-- Opening Marker --

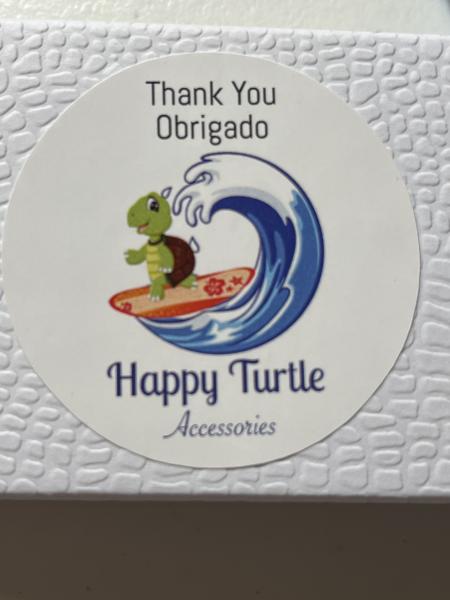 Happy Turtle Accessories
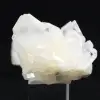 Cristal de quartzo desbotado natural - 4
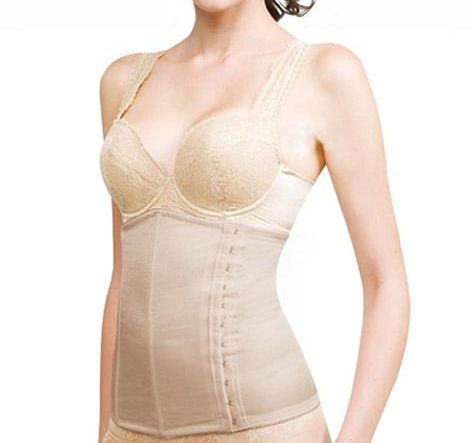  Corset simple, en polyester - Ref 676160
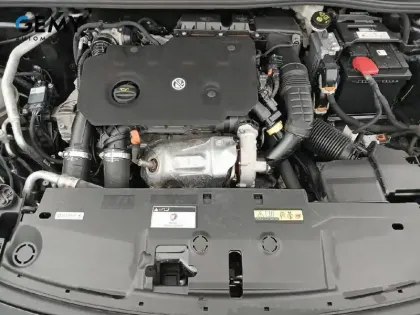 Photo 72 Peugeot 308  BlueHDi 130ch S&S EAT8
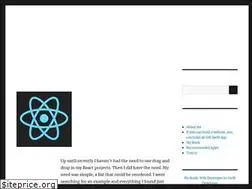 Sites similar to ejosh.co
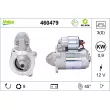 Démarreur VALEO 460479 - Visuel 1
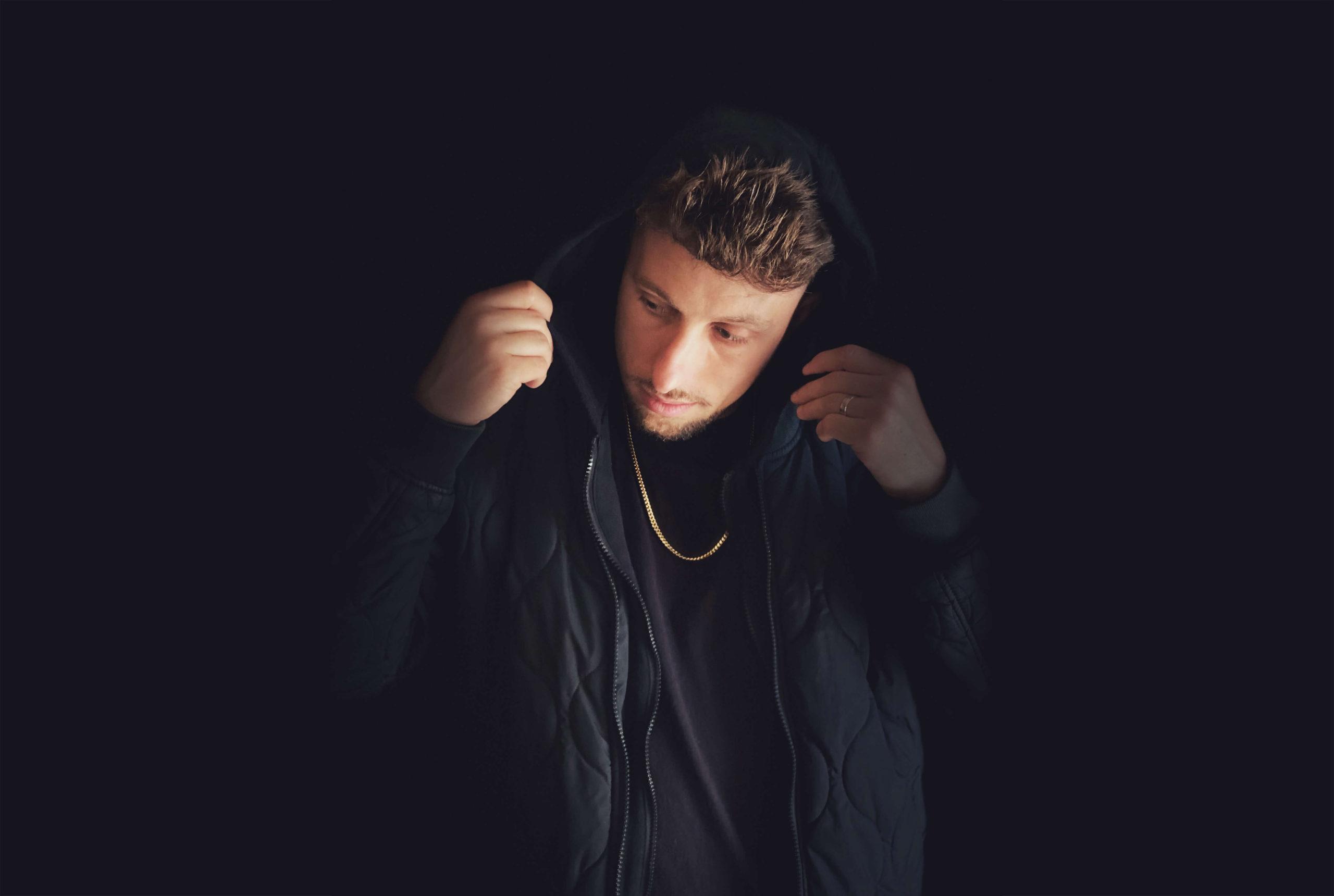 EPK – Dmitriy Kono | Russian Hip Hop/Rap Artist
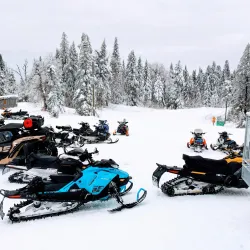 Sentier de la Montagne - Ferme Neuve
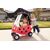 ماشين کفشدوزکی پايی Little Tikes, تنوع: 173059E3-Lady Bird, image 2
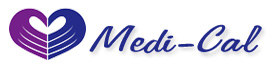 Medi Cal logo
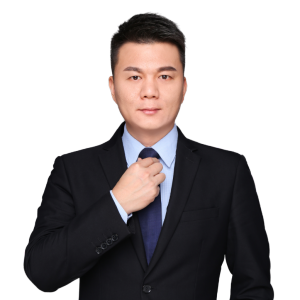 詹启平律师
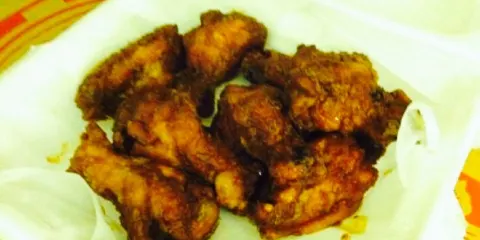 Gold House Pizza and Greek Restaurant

-- Closing Marker --

● Work required:
Exclude every image and return the material above exactly.

● Solution to the exercise:
 Happy Turtle Accessories
 Cristal de quartzo desbotado natural - 4
  Corset simple, en polyester - Ref 676160
 Photo 72 Peugeot 308  BlueHDi 130ch S&S EAT8
 Sites similar to ejosh.co
 Démarreur VALEO 460479 - Visuel 1
 EPK – Dmitriy Kono | Russian Hip Hop/Rap Artist
 Sentier de la Montagne - Ferme Neuve
 ماشين کفشدوزکی پايی Little Tikes, تنوع: 173059E3-Lady Bird, image 2
 Medi Cal logo
 詹启平律师
 Gold House Pizza and Greek Restaurant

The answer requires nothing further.